Il parapiglia scomposto dei discepoli è una novità inaudita: solo pochi anni prima sarebbe stato inconcepibile per la placida staticità delle ortodosse composizioni belliniane. È una reazione al prodigio, tumultuosa e confusa, certamente, ma non disperata, non dolorosa. Lo stesso sarcofago, simbolo della morte corporale e del pianto degli uomini, appare appena visibile in un minuscolo angolo, al centro del lato inferiore della tavola.
Domina la scena un senso di folgorante rapidità, di calore, di forza inarrestabile in quell’ascesa di una grande anima, volatile e leggera come l’aria riscaldata dalla fiamma. Sembra sfuggire alle mani stesse degli uomini esterrefatti e dirigersi senza indugio e timore direttamente tra le braccia di Dio Padre, un creatore dal volto quasi in ombra.

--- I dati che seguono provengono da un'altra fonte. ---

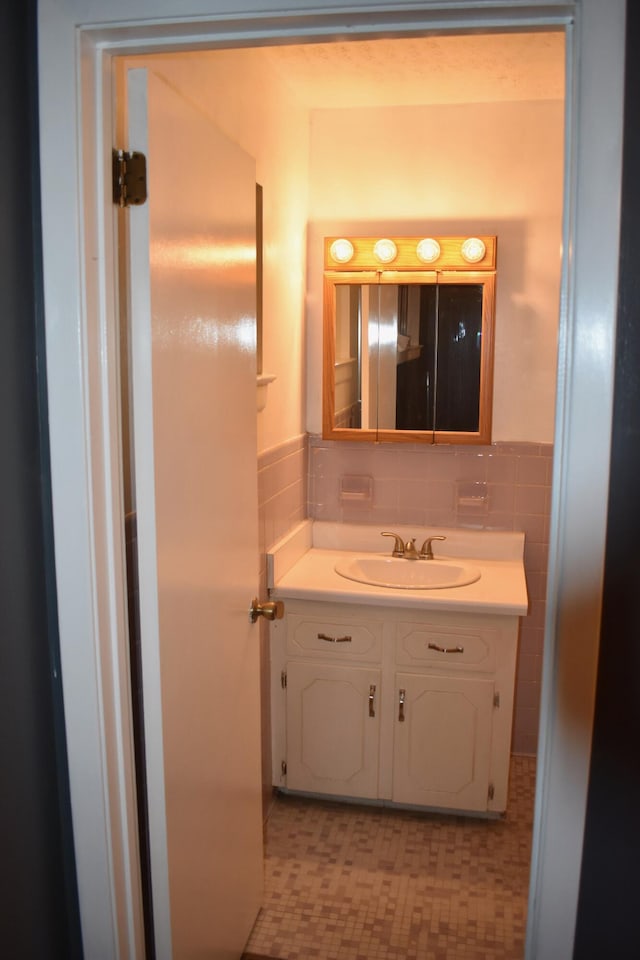 bathroom featuring tile walls and vanity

In ombra perché la scena è tutta di Maria, l’unica che può guardarlo e forse l’unica che può comprenderlo davvero.
Un particolare di squisita delicatezza commuove e incanta: i mondi sovrapposti, la terra popolata da uomini illusi e agitati, e il cielo delle anime leggiadre, non sono del tutto distinti. Una striscia di cielo tra il grigio e l’azzurro li separa, ma attraverso di essa due ponti sono gettati.
Quei mondi si toccano, anzi si sfiorano appena, come innamorati timidi la prima volta da soli: le dita della mano protesa verso l’alto del discepolo di spalle, al centro, attingono appena la nube che sorregge Maria; il piedino dell’angioletto in basso a destra quasi tocca il capo di un uomo del gruppo.

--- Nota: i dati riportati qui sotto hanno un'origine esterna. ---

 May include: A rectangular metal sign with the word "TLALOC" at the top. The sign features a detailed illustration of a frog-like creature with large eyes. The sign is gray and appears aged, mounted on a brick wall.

Vita, morte; terra, cielo; anima, sangue; umano, divino… rette parallele che non s’incontrano solo all’infinito, ma anche nella stupefacente intuizione, attuale e moderna, di un visionario manovratore di pennelli. C’è Raffaello, qui, c’è Michelangelo, in una misteriosa contaminazione di ispirazioni tra titani del Genio.
Tiziano Vecellio non era né l’uno né l’altro e il suo percorso fu molto diverso dal loro, ma vinse quella sua prima cruciale sfida per la gloria e un sovrumano miracolo di bellezza esplose agli occhi dei veneziani attoniti, quel giorno di agosto del 1518, quando l’Assunta fu presentata ai comuni mortali.